Everyone knows the risks are high and that consumers are, generally, pretty unforgiving. Once, as viewers, we’ve been disappointed by a TV service or experience, there’s little or no chance that the trust will ever be the same as before. In an era of easy cord-cutting, one-click unsubscribing and vitriolic tweeting, keeping your customers engaged and delighted in is more important than ever.
It serves us technology vendors well to remember that it’s the operator who has the most to lose if things go wrong. It’s subscribers, the operators’ customers, who determine whether a product is a success, a failure or mediocre copycat.

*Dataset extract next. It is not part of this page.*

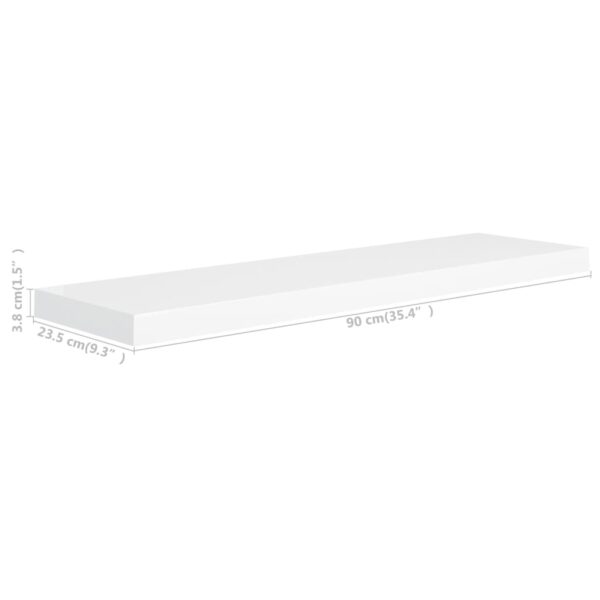 vidaXL Floating Wall Shelves 4 pcs White 35.4"x9.3"x1.5" MDF - Image 8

Not all technology ecosystems are equal
While ecosystems may appear on the surface to look pretty much alike, namely a colourful display of logos on a website’s ‘Partners’ page, it’s worth digging deeper to understand that these ‘extended families’, like any family, can be very different in terms of how they operate, their culture and their values. And, as we can all attest, some families are more tightly-knit than others.
What makes a technology ecosystem great? How can the hopeful operator be sure that the day-to-day goings-on in an ecosystem will live up to those marketing promises? Will the lofty words, the collaboration, the shared vision of success provide the operator with what it takes to be successful in this most competitive of markets? Just as importantly, does the ecosystem help the operator achieve its own commercial and roadmap ambitions and support any other exigencies particular to the operator’s organisation, while keeping viewer satisfaction front-and-centre?
And what’s so great about ecosystems in the first place? What makes them any more than the sum of their parts?
I echo the sentiments of Dave Ulrich and Arthur Yeung, in their book Reinventing the Organization: “The organisation doesn’t achieve results through efficiencies, alignment, or capabilities. It succeeds because its participation in a broader network of teams and partners, internal and external, allows faster response to changing conditions.”
”At the heart of every successful organisational ecosystem is a shared purpose.”
Organisational ecosystems are indeed ubiquitous, not just in nature. Such an ecosystem forms when commercial and/or non-commercial entities look beyond their traditional operational borders and they coalesce. Together they aim to create or participate in new, flexible, and adaptive networks. Critically, at the heart of every successful organisational ecosystem is a shared purpose – that vision in our TV space is of how, together through close collaboration, we can create world-class TV viewing experiences for consumers with high expectations.
Operator’s advantages with ecosystems
The best and the most highly-featured tech ecosystems have a few key characteristics and outcomes in common: proven technology helps service launches happen faster; new revenues flow earlier; and first-mover advantages are maximised. Crucially, the risks of vendor and technology lock-in are reduced.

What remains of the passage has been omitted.